*YOUR INSTRUCTIONS*.
The answer is an exact repeat of the entries below, with the pictures omitted.

*Captioned web image data*.
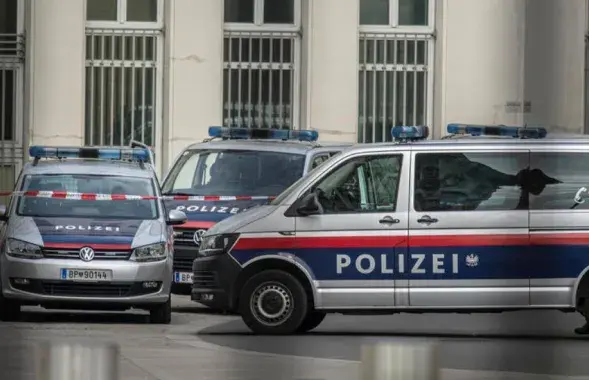 П’яны беларус заехаў да аўстрыйцаў у сад
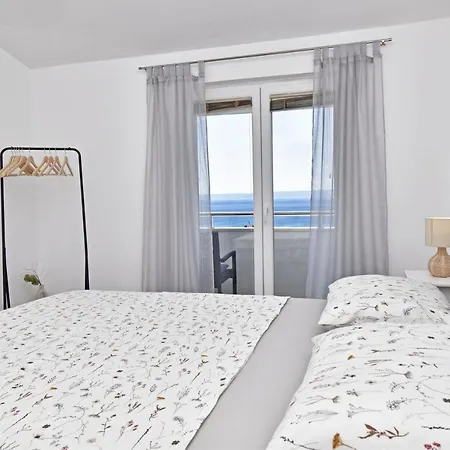 Apartment Sunny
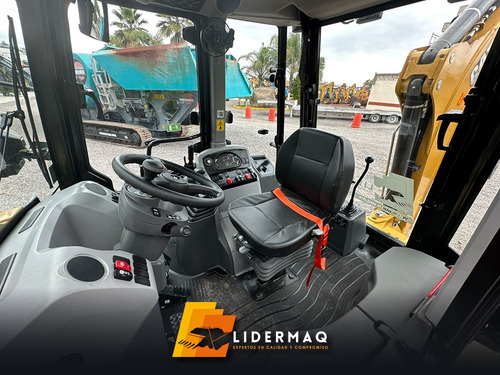Retroexcavadora 424 Cat 2023 Eco3947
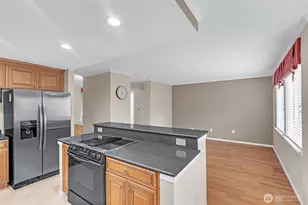 15800 Village Green Dr, Mill Creek, WA 98012 - Photo 17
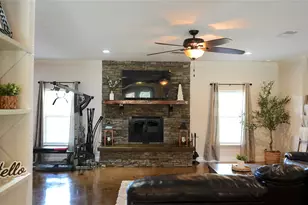 421 Weakes St, Eustace, TX 75124 - Photo 16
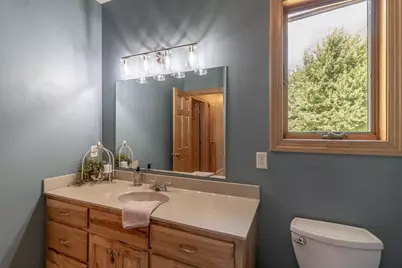 124 Jay Street, Le Sueur, MN 56058 - Photo 34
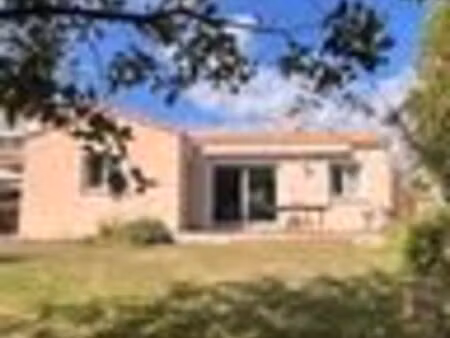 maison à louer dans le centre de brains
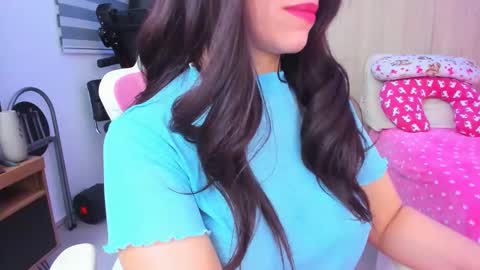 redski77 online show from 01/24/25, 09:17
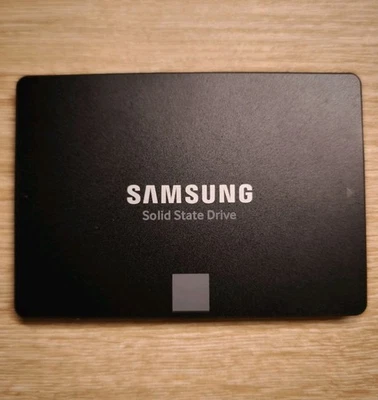 Samsung 250 Go 2,5" SATA III 6G SSD NAND 850 EVO - Photo 1/3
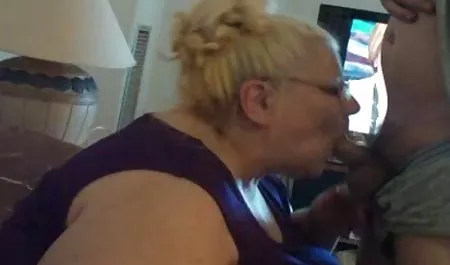 Rubia mamá, con grandes tetonas maduras desnudas tetas lamió el coño hombre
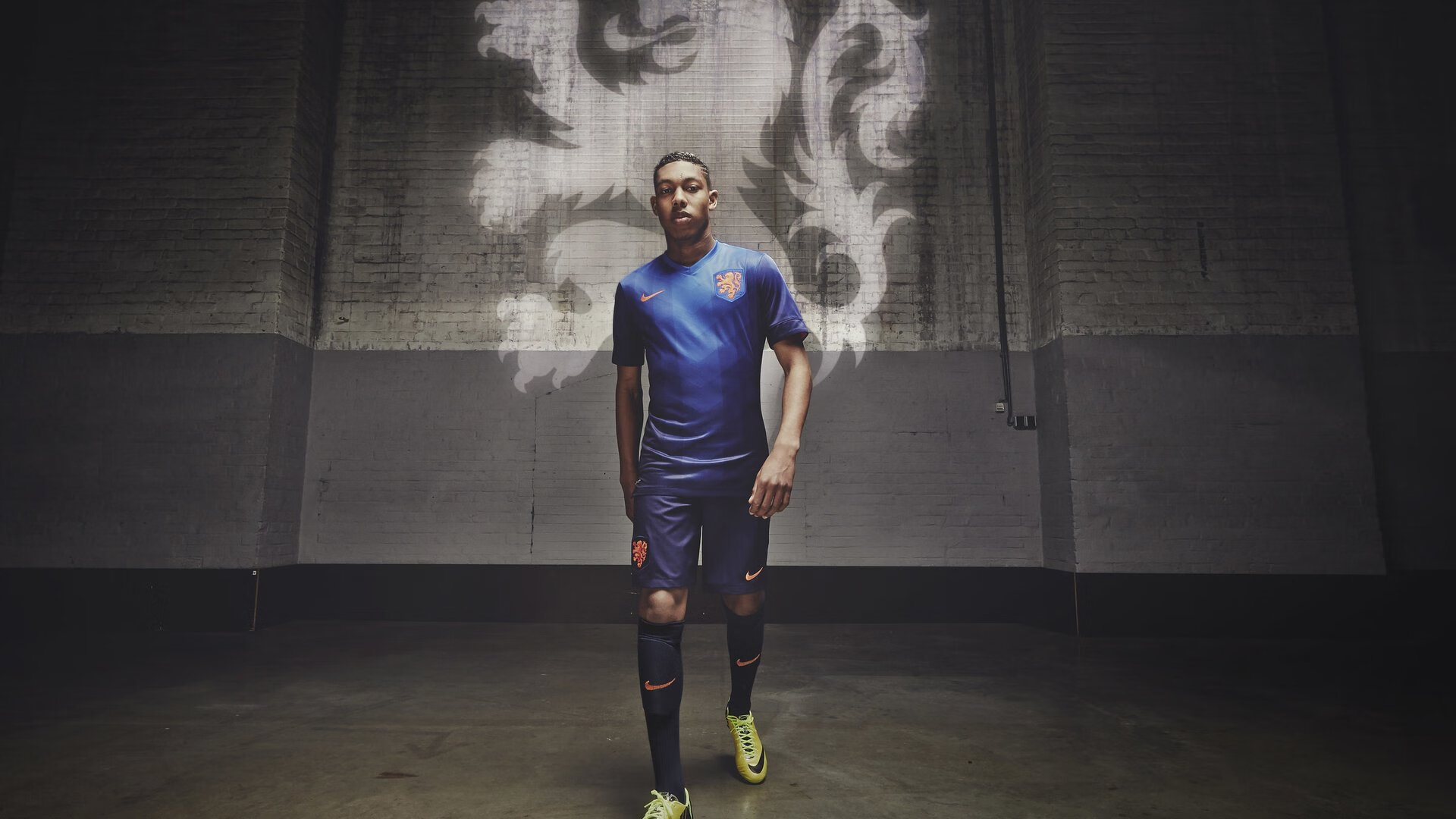 “英超劲旅持续发力，冠军争夺更趋紧张”，英超劲旅有哪些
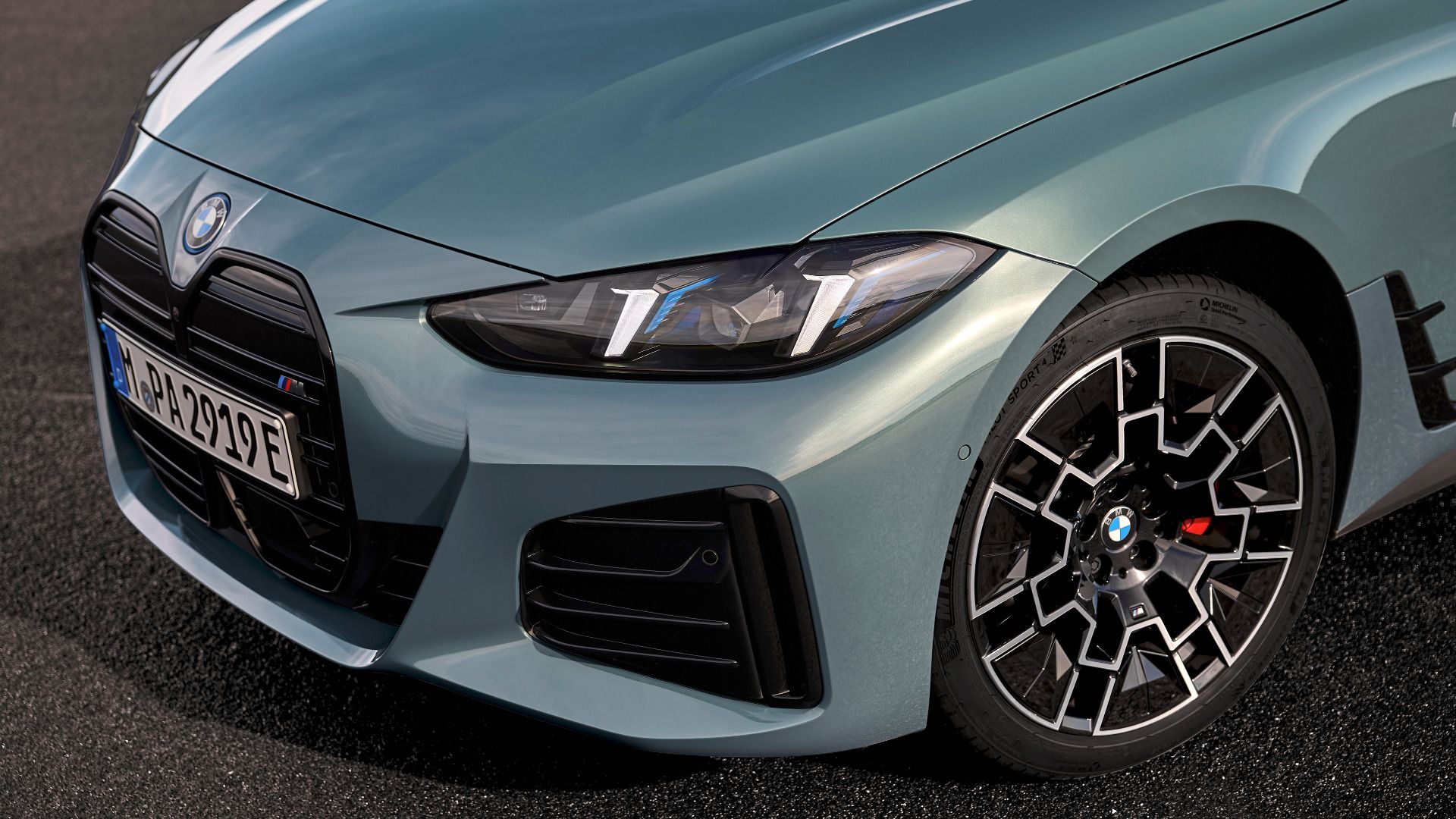 Powiedz sąsiadom, że to BMW za 60 000 dolarów, ale nie wspominaj o niskiej racie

*EXERCISE RESPONSE*.
 П’яны беларус заехаў да аўстрыйцаў у сад
 Apartment Sunny
Retroexcavadora 424 Cat 2023 Eco3947
 15800 Village Green Dr, Mill Creek, WA 98012 - Photo 17
 421 Weakes St, Eustace, TX 75124 - Photo 16
 124 Jay Street, Le Sueur, MN 56058 - Photo 34
 maison à louer dans le centre de brains
 redski77 online show from 01/24/25, 09:17
 Samsung 250 Go 2,5" SATA III 6G SSD NAND 850 EVO - Photo 1/3
 Rubia mamá, con grandes tetonas maduras desnudas tetas lamió el coño hombre
 “英超劲旅持续发力，冠军争夺更趋紧张”，英超劲旅有哪些
 Powiedz sąsiadom, że to BMW za 60 000 dolarów, ale nie wspominaj o niskiej racie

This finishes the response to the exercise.